以下の表は、各年度の札幌市で普通自動車、小型自動車、軽自動車を自家用車として保有されている台数、及び札幌市の人口です。

年度 2011年
(平成23年)
2013年
(平成25年)
2015年
(平成27年)
2017年
(平成29年)
普通自動車 26.0 26.7 27.8 29.6
小型自動車 35.8 34.8 33.5 32.3
軽自動車 17.2 19.2 20.6 21.3
計(万台) 79.0 80.7 81.9 83.2
札幌市の人口 192.2万人 193.8万人 195.2万人 196.2万人
1人あたりの保有台数 0.41台 0.41台 0.42台 0.42台

2011年以降の札幌では、人口が190万人台から微増を続けています。

札幌市の自動車の台数も、それに伴って増加していますが、1人あたりの自動車の台数は横ばいで、0.41〜0.42台/人です。

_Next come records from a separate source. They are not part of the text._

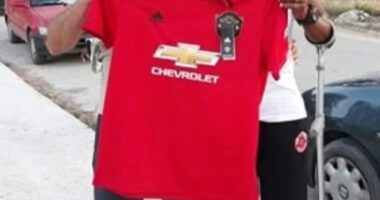 A man managed to dupe an entire Greek island that he was the legendary Manchester United player Remi Moses. Here he is pictured with a fan holding a United shirt in Zakynthos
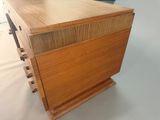 an image of a wooden chest of drawers on a white surface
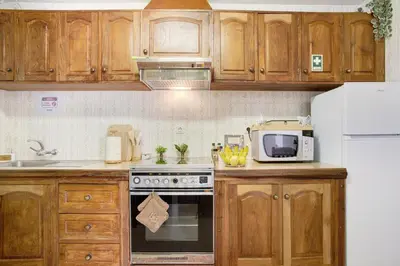 a kitchen with wooden cabinets and a stove and a microwave at Casa do tio Inácio in Santana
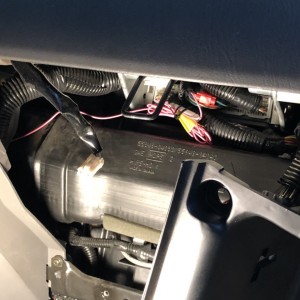Glove box opening to Vehicle Speed Sensor connection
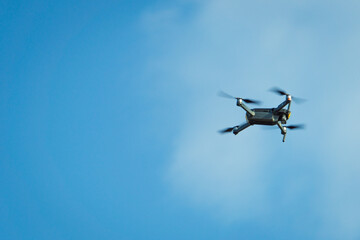 Flying copter against the blue sky. Copter in motion. Small flying drone.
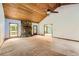 Spacious living room features a stone fireplace and wood planked ceiling at 2538 Morgan Lake Ne Dr, Marietta, GA 30066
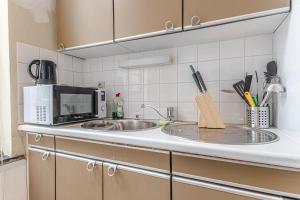 a kitchen counter with a sink and a microwave at Lovely 2 Rooms Next to Sint-Niklaas Very Central in Ghent +39 photos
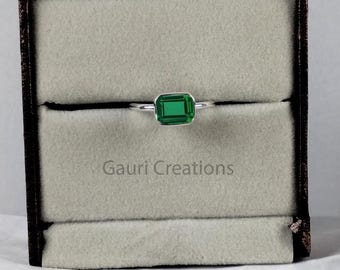 Puede incluir: Un anillo de plata con una gema verde rectangular con talla esmeralda, presentado en una caja de joyería negra con interior gris claro. La caja está sobre una superficie blanca, con el texto "Gauri Creations".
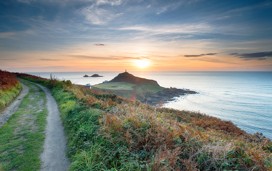 A view of sunset on the South West Coast Path at Cornwall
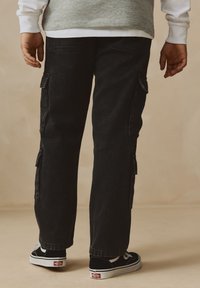 Black cargo pants with side pockets, straight leg design, slight texture, paired with black and white sneakers. Background is neutral.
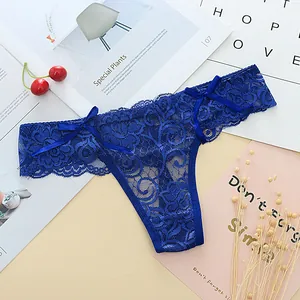 Detailed close-up showing the intricate floral lace and bow accents of the blue thong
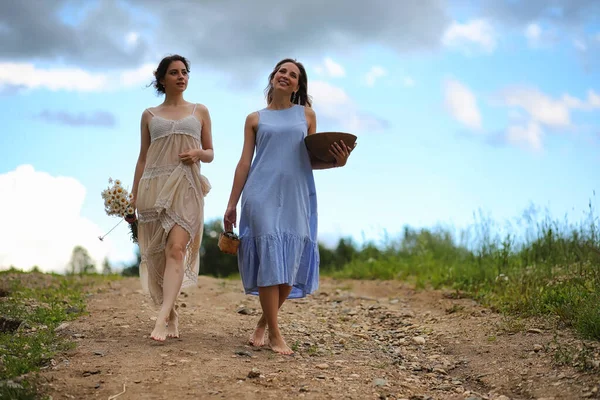 Twee meisjes in jurken in zomer veld — Stockfoto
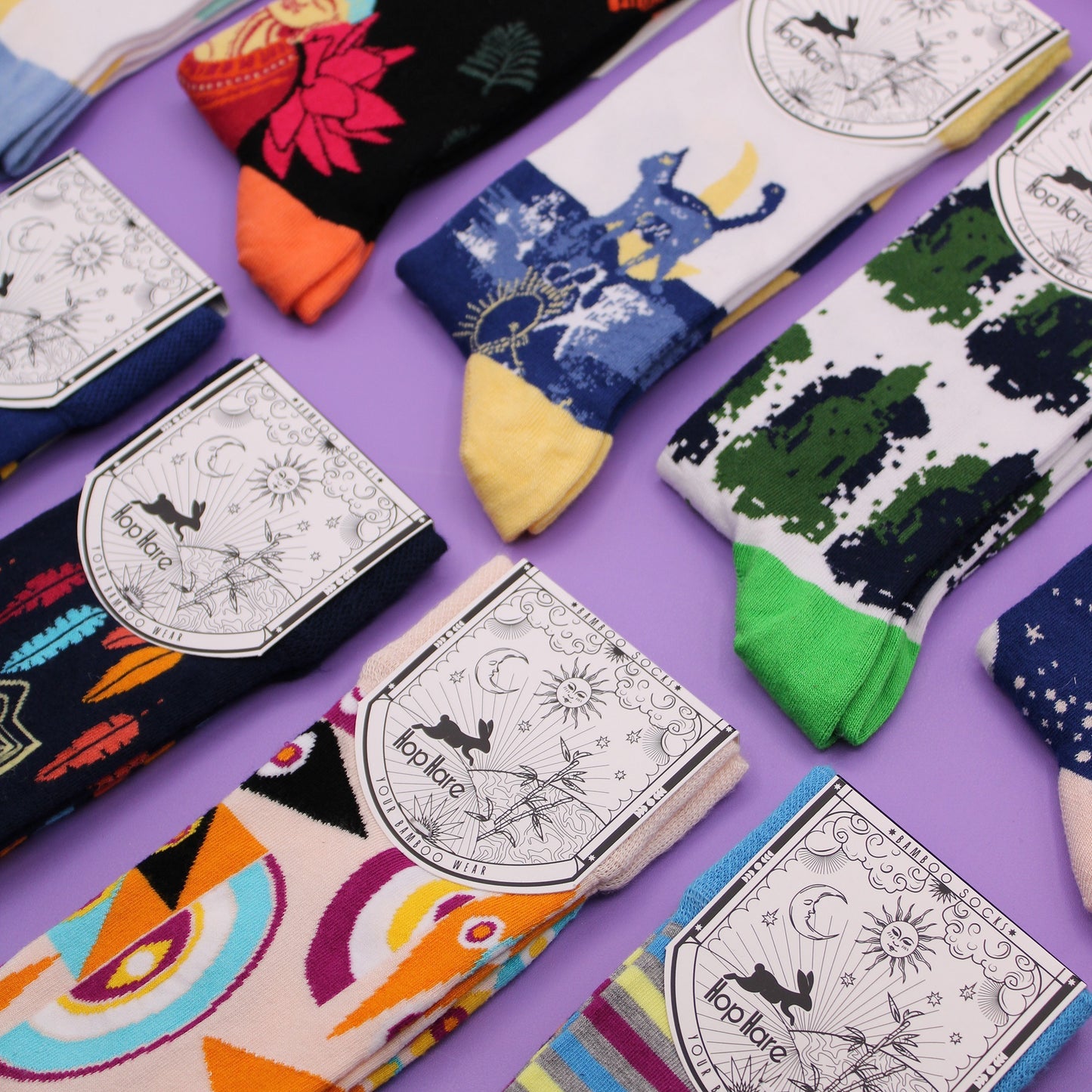 Colorful socks with various designs are arranged on a purple surface. Each pair is packaged with a tag featuring a rabbit, sun, moon, and bamboo. The tag reads "Hop Hare YOUR BAMBOO WEAR".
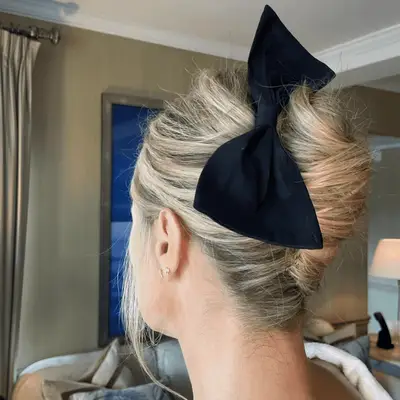 carolyn murphy wearing french twist with a bow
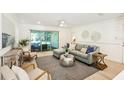 Bright living room with modern decor, a comfortable sofa, and sliding glass doors to the outdoor patio at 1908 Sutherland W Dr, Palm Harbor, FL 34683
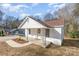 Charming single-story home featuring a covered front porch and manicured landscaping at 1003 Harris St, Kannapolis, NC 28081
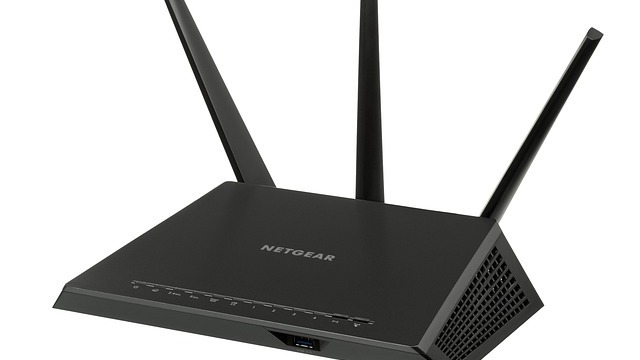 Modern Wi-Fi range extender in a vibrant purple setting.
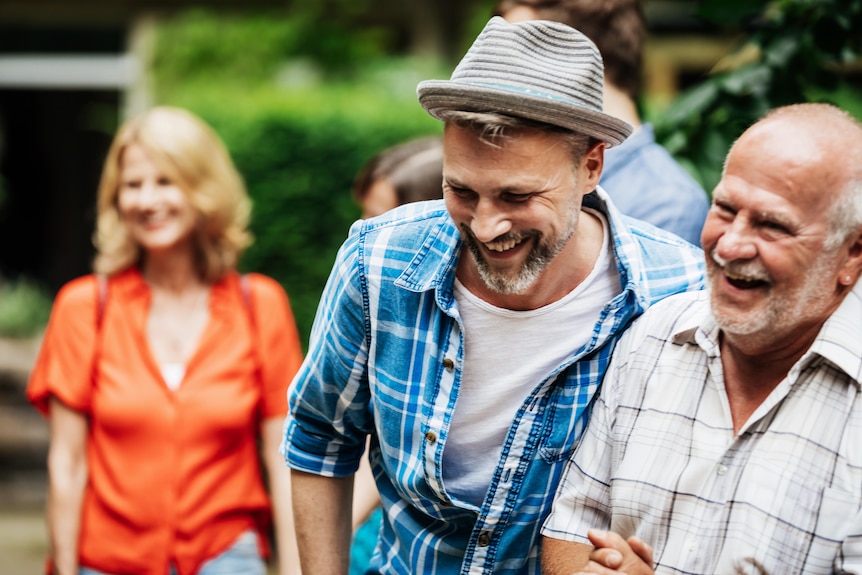 Young man with older man smiling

これは札幌での自動車を保有しているのは5人に2人、正確には人口1,000人あたりで41〜42台の車が保有されていると言えます。

1人当たりの乗用車保有台数は0.42台、とび抜けて低い札幌

札幌の自動車の保有は5人に2人、という数字は高いと感じますが、低く感じますか?

すでに自動車を持っている方は、「もっと多くの人が車を持っていると思った」と感じるのではないでしょうか?

一方で、車を持っていない方は、「こんなに車を持っている人が多いと思わなかった」と感じるかもしれませんね。

しかし、札幌市の1人あたりの乗用車保有台数=0.42 は、北海道内の他市町村と比較するとかなり低い数字と言えます。

全道の平均値は0.52台、“2人に1人以上”が車を持つ北海道

平成27年度の市町村別保有車両数年報によると、北海道の1人あたりの自動車保有台数は0.52台。

北海道民の2人に1人以上は自動車を持っていると言えそうです。

やはり広い北海道での生活に車は不可欠の様ですね。

1人あたりの保有数が最も多いのは帯広市で0.64台。これはほぼ“3人に2人”は車を持っていることになります。札幌と比較すると随分多いですよね。

次いで千歳市が0.63台、北見市が0.61台、網走市が0.60台と続き、釧路市、苫小牧市、根室市、紋別市、北斗市が0.59台で並びます。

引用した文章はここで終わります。